Na última quarta-feira, dia 9 de abril, foi realizada em São Paulo a 8º Marcha dos Trabalhadores, que uniu diversas centrais sindicais levantando as bandeiras as principais bandeiras de luta da classe trabalhadora, entre elas a redução da jornada de trabalho, o fim do fator previdenciário, 10% do PIB para a educação, negociação coletiva no setor público, reforma agrária e política agrícola, 10% do orçamento da União para a saúde, combate à demissão imotivada, salário igual para trabalho igual, correção da tabela de IR e não ao PL da terceirização.
A marcha reuniu cerca de 40 mil pessoas, de acordo com os organizadores. Claro que um movimento desse porte não poderia ser simplesmente abafado pela grande mídia. Não dá. Portanto, a imprensa esteve em peso na Marcha, e a Globo apareceu com suas câmeras e microfones.
Acontece que a manifestação não se tratava de um ato de uma única central sindical, mas um ato unificado de várias, entre elas a CGTB, CGT, UGT, NCST, CUT e Força Sindical. Mas parece que a Globo não entendeu isso – mesmo estando as logos de todas as centrais no material de divulgação.
A bomba estourou quando a Marize Muniz, assessora de imprensa da CUT (Central Única dos Trabalhadores) publicou em seu Facebook:
“Deu dó. Sempre tenho pena de pessoas inocentes.
Foquinha da TV Globo gravou sonora com os caras da Força Sindical (do Aécio Neves), na Praça da Sé, durante manifestação de seis centrais sindicais.
Aí, um militante cutista foi lá e perguntou: e a CUT, você não vai ouvir ninguém da maior central da America Latina?
A pobrezinha respondeu: Tenho ordens da redação para só ouvir os caras da Força.
Foi um quiprocó danado e a bichinha teve de ir embora do local.”
Em primeiro lugar, não estou aqui para julgar a repórter. Parto do princípio que ela estava fazendo o trabalho dela e, é claro, cumprindo ordens. (Se bem que ela poderia ter gravado a entrevista com o pessoal da CUT e depois ter cortado, já que a Globo não quer que vá ao ar. Questão de bom senso.)
Mas a pobrezinha teve um ataque de sinceridade – ou desespero – e na hora soltou o que não devia. Jogou merda no ventilador. Mostrou que a Globo dá voz a quem ela quer, e o escolhido da vez foi o Paulinho da Força. Justo ele que é o presidente de Central que mais critica o governo Dilma (PT) e que já declarou apoio ao Aécio Neves (PSDB) para as próximas eleições.
Afinal, qual o problema de entrevistar o Paulinho? Nenhum. O problema é entrevistar SÓ o Paulinho.
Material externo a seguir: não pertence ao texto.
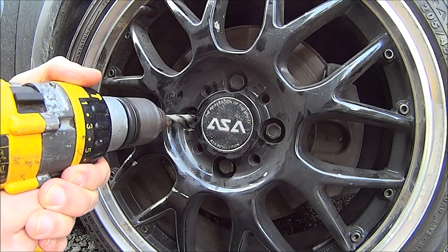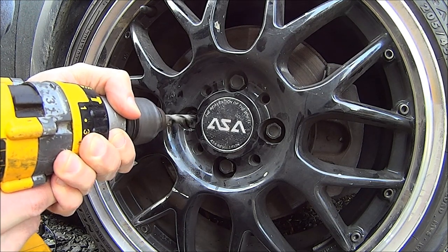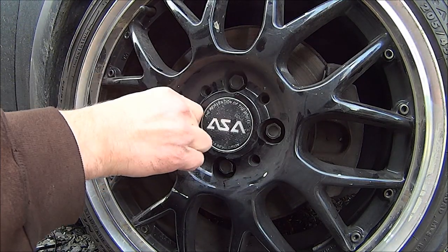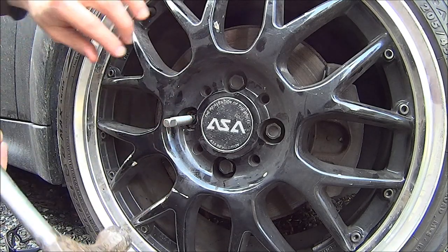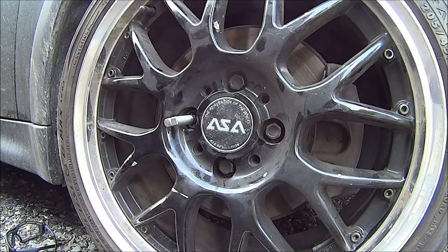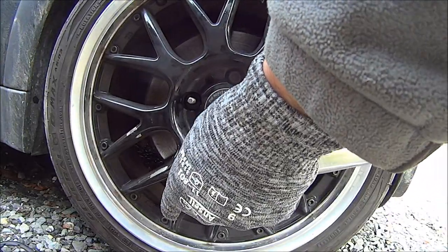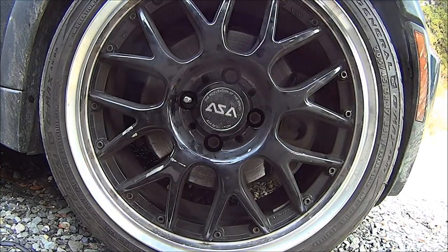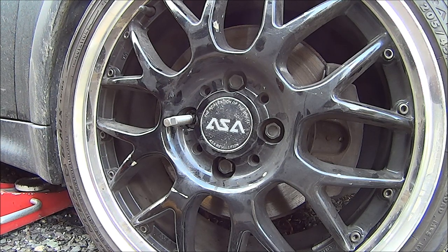I lost the key to my locking lug nuts. I'm tightening the other lug nuts to relieve the tension on the locking lug, and now I'm taking some weight off of the wheel also to relieve the tension on the lug nuts.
Por que não dar voz aos representantes de outras centrais? O sinal de TV é uma concessão pública e deve ser usado em benefício da população, e não em favor dos interesses de um pequeno grupo.
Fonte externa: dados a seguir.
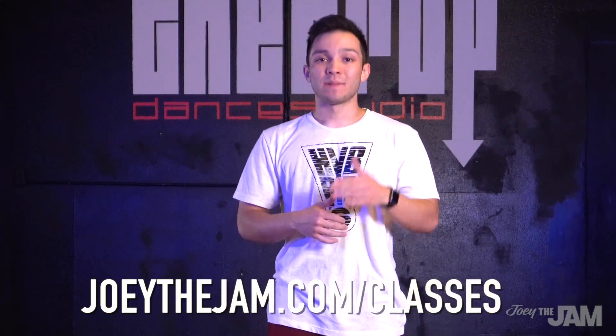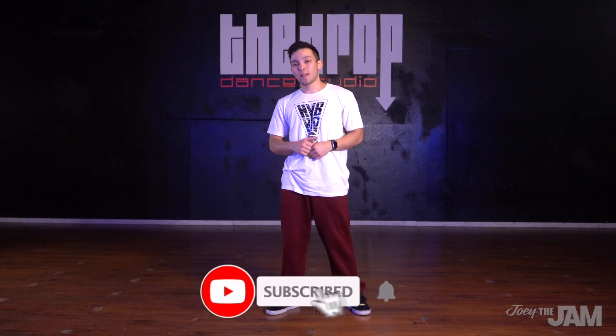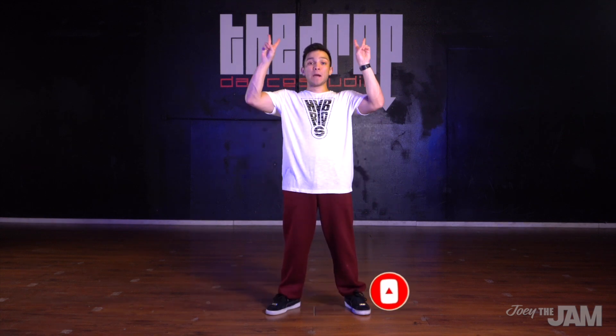Thank you for checking out this locking tutorial. If you're looking to get more training and want to learn some locking choreography and put all these moves into practice, head over to joeythejam.com/classes for all of my locking classes. If you got any value out of this video, please hit that like button and leave me a comment — let me know your feedback and anything else you'd like to learn in the future. Shout out to the Drop Dance Studio for hosting this tutorial. Please subscribe to my channel and hit that bell icon so you always get notified when I put out a new video. I'll see you in the next one. Peace.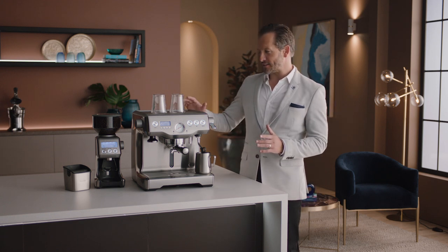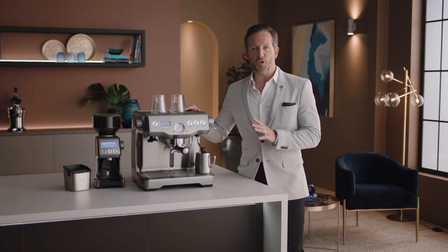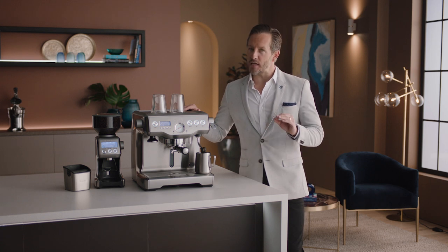Cleaning your espresso machine is vital to keeping it in the best working order and ensuring that each and every coffee tastes great.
De acordo com Rodrigo Vianna, do blog Escrevinhador, a repórter da Globo foi vaiada e teve de saír de cena em meio aos gritos de “o povo não é bobo, abaixo à Rede Globo” . Ela correu para dentro de uma agência do Bradesco onde, minutos depois, o Paulinho da Força chegou para dar entrevista mas, aparentemente, não rolou…
A grande mídia hoje está assim: um jogo de interesses políticos e econômicos, no entanto, criticar não basta. Devemos começar a trilhar novos caminhos e temos poder para isso. Vamos lutar pela disseminação da mídia alternativa, vamos blogar,usar esse espaço que temos hoje que é a internet, vamos trabalhar pela quebra do monopólio da comunicação e mostrar que o povo sim, tem voz e essa voz precisa ser ouvida.
Em tempo, beijinho no ombro pros reaças passarem longe. Agora vou fazer igual a Valesca e ir ali ler um Machado de Assis pra, quem sabe um dia, me tornar um pensador de elite.